Inhaltliche Forschungsempfehlungen für einen nachhaltig gestalteten digitalen Wandel

Gemessen an der Geschwindigkeit und Breite der digitalen Entwicklung existiert noch zu wenig belastbares Wissen über die Wirkung digitaler Technologien auf das Erdsystem, die Gesellschaften und den Menschen. So sind gesellschaftspolitische Diskurse über die Auswirkungen der Digitalisierung – beispielsweise in Bezug auf die Arbeit der Zukunft oder den Energie- und Ressourcenverbrauch – durch widersprüchliche Einschätzungen und hohe Unsicherheit gekennzeichnet. Gleichermaßen sind auch die Potenziale der Digitalisierung für die Realisierung der SDGs und die Frage, wie durch digital gestützte Bildungsmaßnahmen Wissen und Handeln für die Große Transformation zur Nachhaltigkeit gefördert werden kann, erst in Ansätzen erforscht. Der WBGU schlägt die folgenden übergeordneten Forschungslinien vor, um mehr Wissen für einen digitalen nachhaltigen Wandel zu schaffen:

  • Forschung zur Digitalisierung für Nachhaltigkeit (Erste Dynamik): Wie können digitale Technologien, digitalisierte Infrastrukturen und digitalisierte Systeme und Endgeräte nachhaltig gestaltet werden, insbesondere mit Blick auf ihren Energie- und Ressourcenverbrauch sowie die Etablierung einer Kreislaufwirtschaft? Wie kann die Digitalisierung als Instrument zur Umsetzung der SDGs und zur Dekarbonisierung des heutigen Wirtschafts- und Gesellschaftssystems eingesetzt werden?
  • Forschung für nachhaltige digitalisierte Gesellschaften (Zweite Dynamik): Wie können handlungsfähige Gesellschaften erhalten werden, die in der Lage sind, die systemverändernde Wirkmacht sowie die damit verbundenen Unsicherheiten der Digitalisierung einzuordnen und proaktiv nachhaltig zu gestalten sowie den nicht intendierten Folgen erfolgreich zu begegnen?
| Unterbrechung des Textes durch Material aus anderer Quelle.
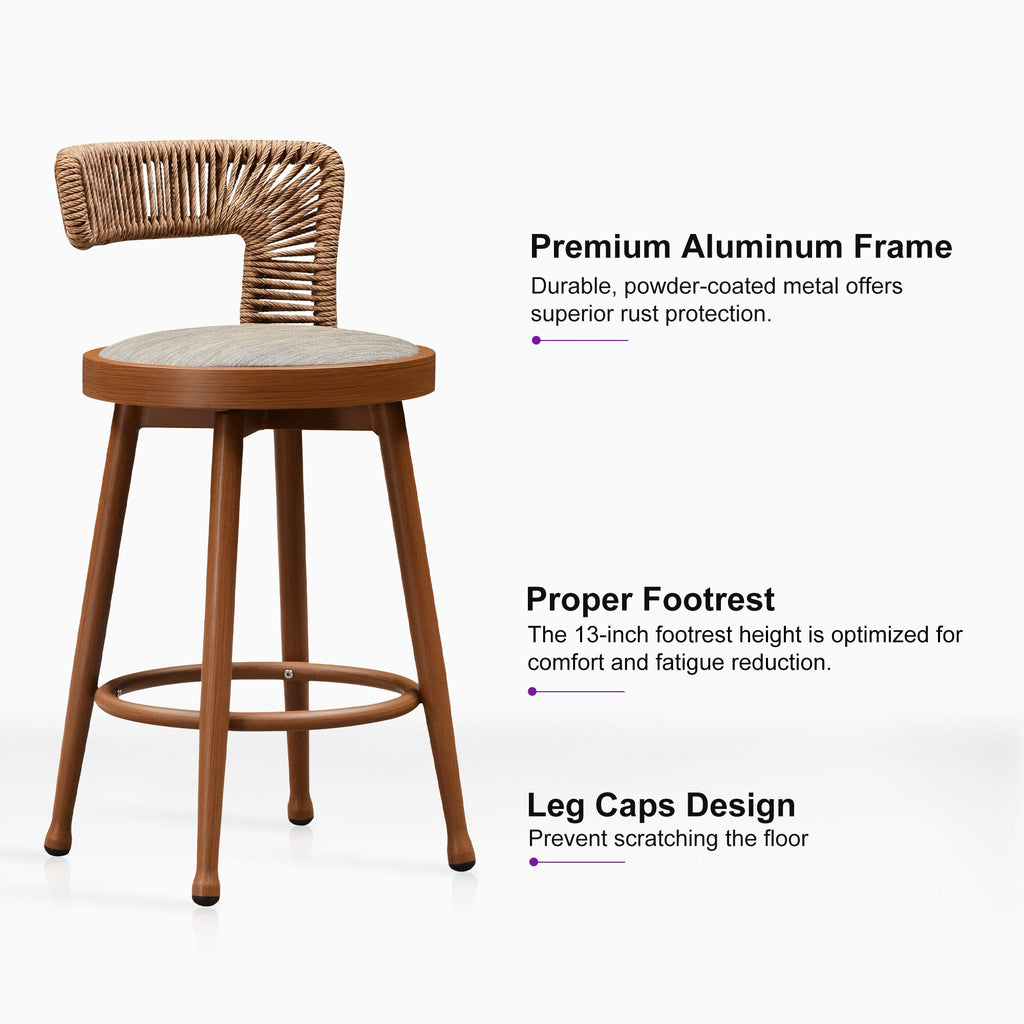 PURPLE LEAF Outdoor Swivel Bar Stools Set of 2 Metal Modern Rattan Bar Chairs with Backrest Aluminum Woven Barstools with Cushions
Wichtige Forschungsaufgaben sind die Untersuchung von Systemrisiken und -potenzialen, die Entwicklung neuer Teilhabeformen im Kontext der Arbeit der Zukunft, die Gestaltung der Mensch-Maschine-Interaktionen und die Befähigung des Individuums in digitalisierten Nachhaltigkeitsgesellschaften. Die Forschungsmittel zu den Auswirkungen KI auf die digitalisierte Nachhaltigkeitsgesellschaft sollten deutlich erhöht werden.
  • Forschung zur Zukunft des Homo sapiens (Dritte Dynamik): Durch den digitalen Wandel wird das Menschsein selbst zum Thema nachhaltiger Entwicklung. Inwieweit sind alte und neue Menschenbilder angesichts einer möglichen Verschränkung von Mensch und Technik sowie der zunehmenden Kooperation von Mensch und Maschine zu hinterfragen? Wie kann der Erhalt menschlicher Würde sichergestellt werden?

Eine zeitnahe Umsetzung der Handlungs- und Forschungsempfehlungen wird es erlauben, die Potenziale des digitalen Wandels für die Große Transformation zur Nachhaltigkeit zu nutzen und seine Risiken einzuhegen. Dieses WBGU-Gutachten versteht sich dahingehend als Anstoß für lang anstehende Diskussionen und Initiativen auf allen Ebenen und mit allen Akteursgruppen.